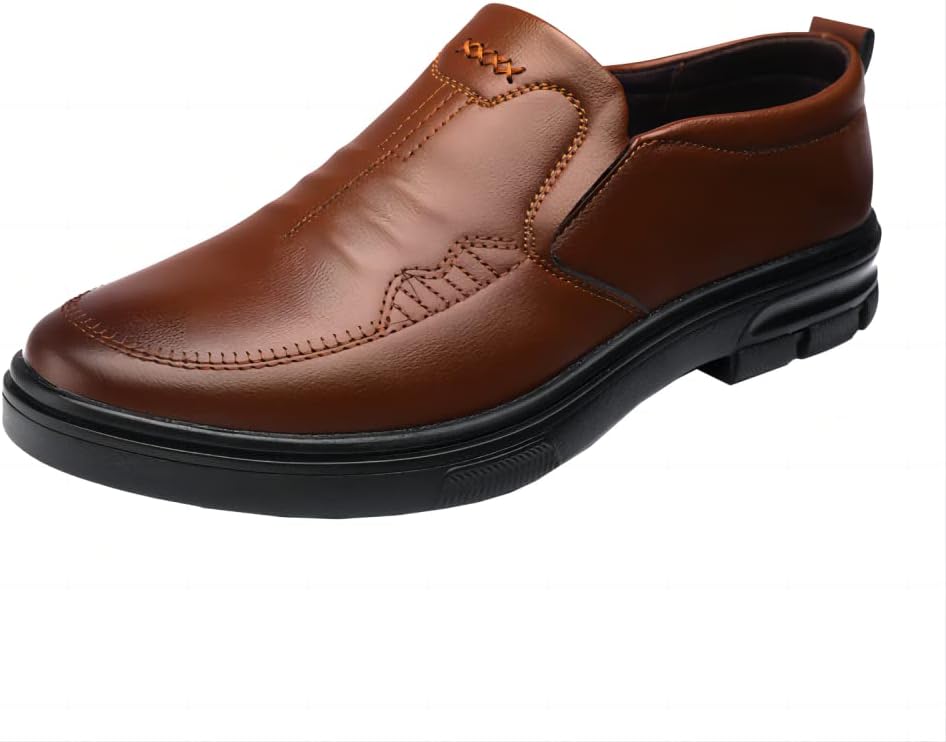 

Мужские классические туфли BORAMAX, стильные, комфортные, роскошные мягкие кожаные лоферы на подскальзывании для джентльменов, для свадеб, бизнеса, работы в офисе, повседневной и уличной носки, B-coffee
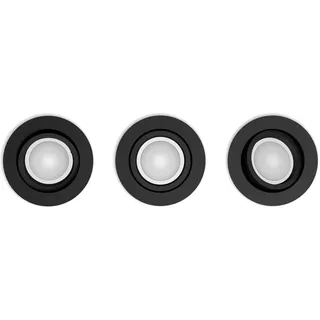 Philips Centura 3er Set GU10 schwarz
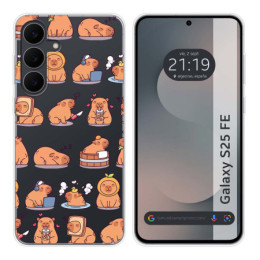 Funda Silicona Transparente para Samsung Galaxy S25 FE 5G...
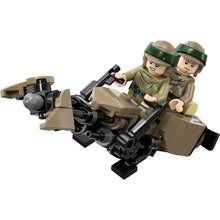 Încarcă imaginea în Galerie, Lego Star Wars Diorama de Urmarire cu Speederul pe Endor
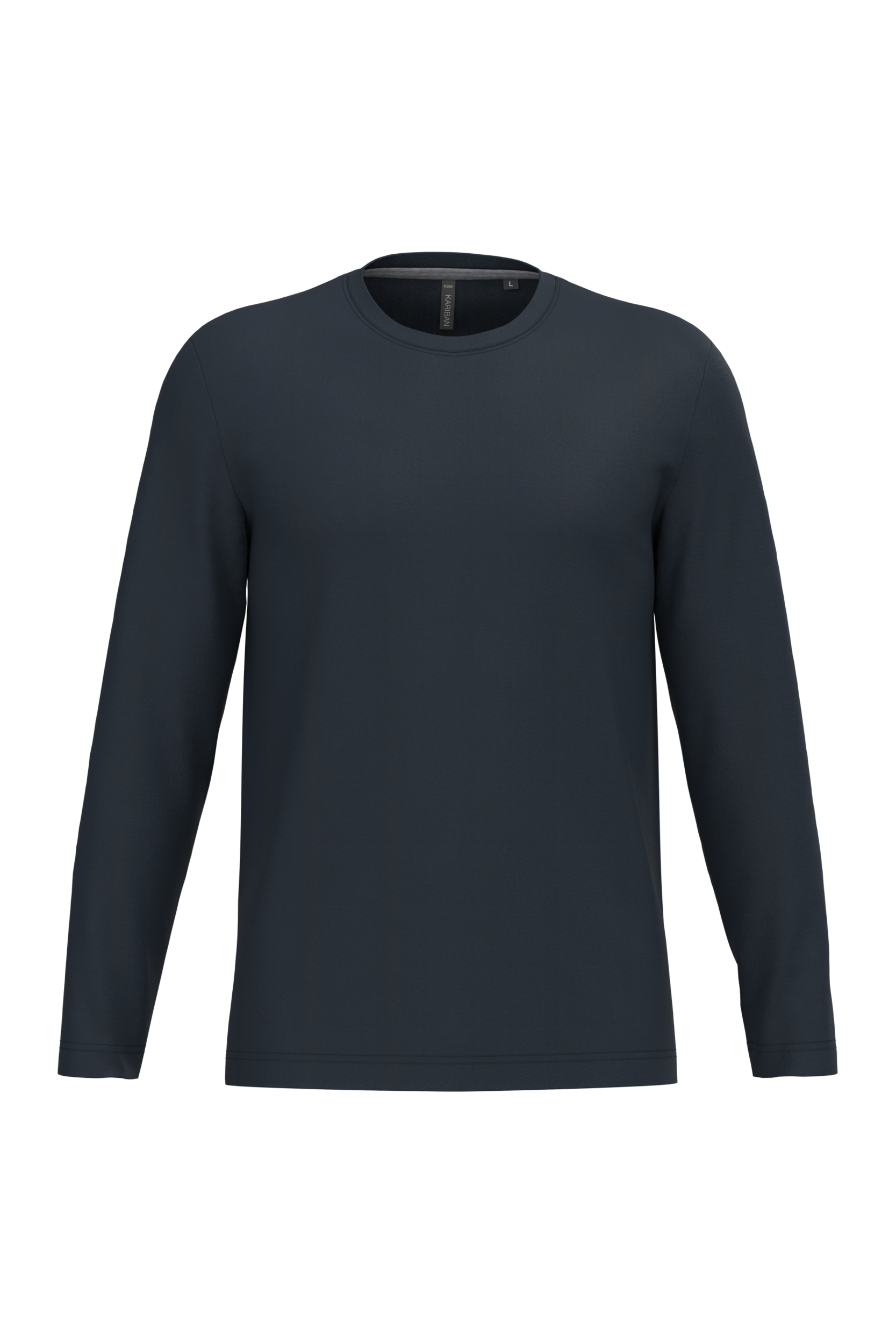 T-shirt col rond manches longues homme - Image 44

-------

Exercise instructions
The data above should be returned in full, exactly as written, apart from its images.

Written reply
Мужские классические туфли BORAMAX, стильные, комфортные, роскошные мягкие кожаные лоферы на подскальзывании для джентльменов, для свадеб, бизнеса, работы в офисе, повседневной и уличной носки, B-coffee
 Philips Centura 3er Set GU10 schwarz
 Funda Silicona Transparente para Samsung Galaxy S25 FE 5G...
 Încarcă imaginea în Galerie, Lego Star Wars Diorama de Urmarire cu Speederul pe Endor
 T-shirt col rond manches longues homme - Image 44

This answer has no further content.